-- Opening Marker --
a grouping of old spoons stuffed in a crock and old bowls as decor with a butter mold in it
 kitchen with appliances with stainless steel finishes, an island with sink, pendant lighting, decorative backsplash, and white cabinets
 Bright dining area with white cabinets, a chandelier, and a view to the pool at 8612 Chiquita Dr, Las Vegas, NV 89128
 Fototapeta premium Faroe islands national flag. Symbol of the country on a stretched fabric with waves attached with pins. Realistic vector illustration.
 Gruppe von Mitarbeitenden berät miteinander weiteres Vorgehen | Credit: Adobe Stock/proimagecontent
-- Closing Marker --
The task here is to output the line with "kitchen with appliances" and all lines after it to the end of the records above, exactly and only those.

 kitchen with appliances with stainless steel finishes, an island with sink, pendant lighting, decorative backsplash, and white cabinets
 Bright dining area with white cabinets, a chandelier, and a view to the pool at 8612 Chiquita Dr, Las Vegas, NV 89128
 Fototapeta premium Faroe islands national flag. Symbol of the country on a stretched fabric with waves attached with pins. Realistic vector illustration.
 Gruppe von Mitarbeitenden berät miteinander weiteres Vorgehen | Credit: Adobe Stock/proimagecontent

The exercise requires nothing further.